Interface-Dominated Time-Dependent Behavior of Poled Poly(Vinylidene Fluoride–Trifluoroethylene)/Barium Titanate Composites

Composites in which particles of ferroelectric ceramic phase are randomly dispersed in a polymeric matrix are of interest because of flexibility, conformability, and ease of processing. However, their piezoelectric properties are rather low, unless very high volume fractions of ceramics are used. This brings agglomeration and porosity issues due to the large mismatch between the surface energies of the ceramics and of the polymer. Particle surface modification is a common approach for better dispersion; however, it may bring other effects on the properties of the composites, which are usually concealed by the huge improvement in performance due to the more homogenous microstructure.

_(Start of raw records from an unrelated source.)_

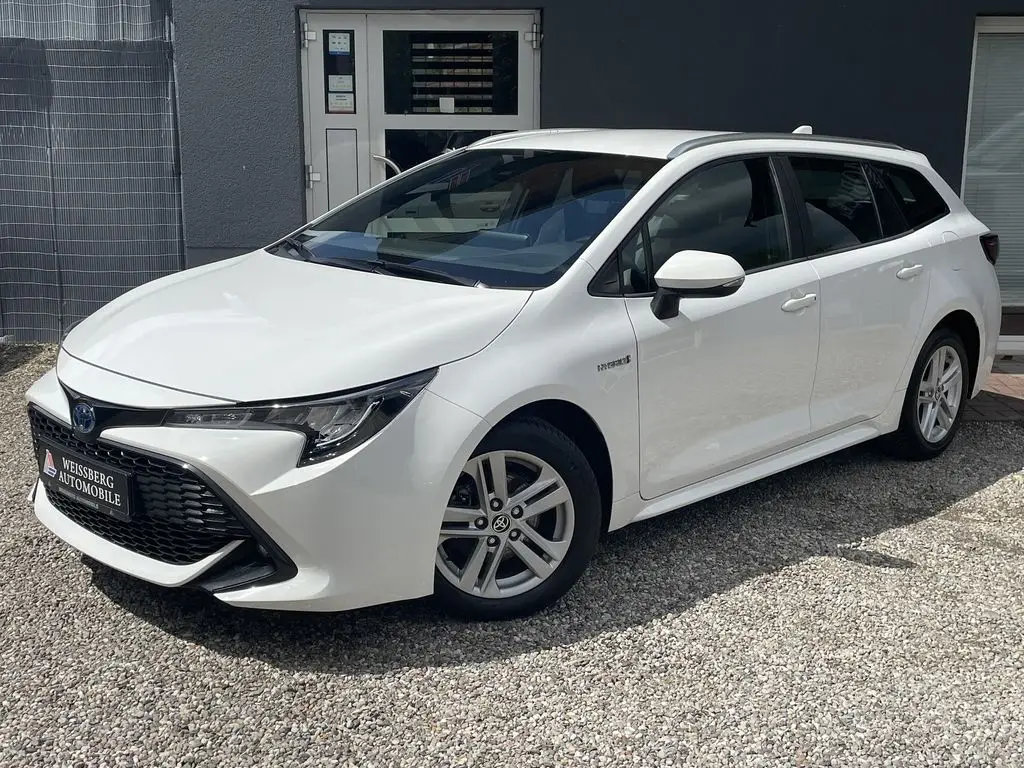 Photo 1 : Toyota Corolla 2021 Hybride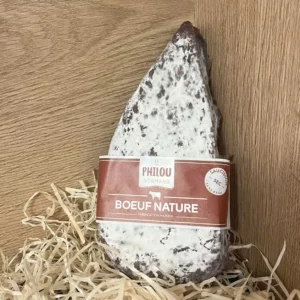 Saucisson de boeuf au Cumin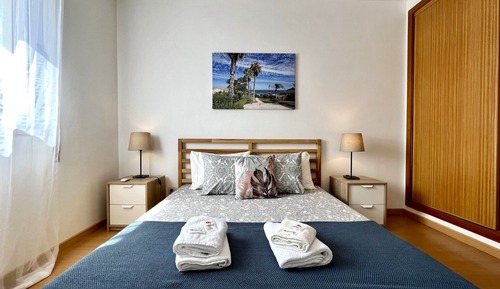 Apartment, 2 Bedrooms, Terrace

In this work, we compared poly(vinylidene fluoride–trifluoroethylene)/barium titanate composites containing 15 vol.% and 60 vol.% of pristine ceramic particles or particles modified with an aminosilane or a fluorosilane. Similar morphology, with good particle dispersion and low porosity, was achieved for all composites, owing to an efficient dispersion method. The materials were poled with two different poling procedures, and the piezoelectric coefficient d(33), the relative permittivity, and the poling degree of barium titanate were followed in time. We highlighted that, although similar d(33) were obtained with all types of particles, the nature of the particles surface and the poling procedure were associated with different charge trapping and influenced the evolution of d(33) with time.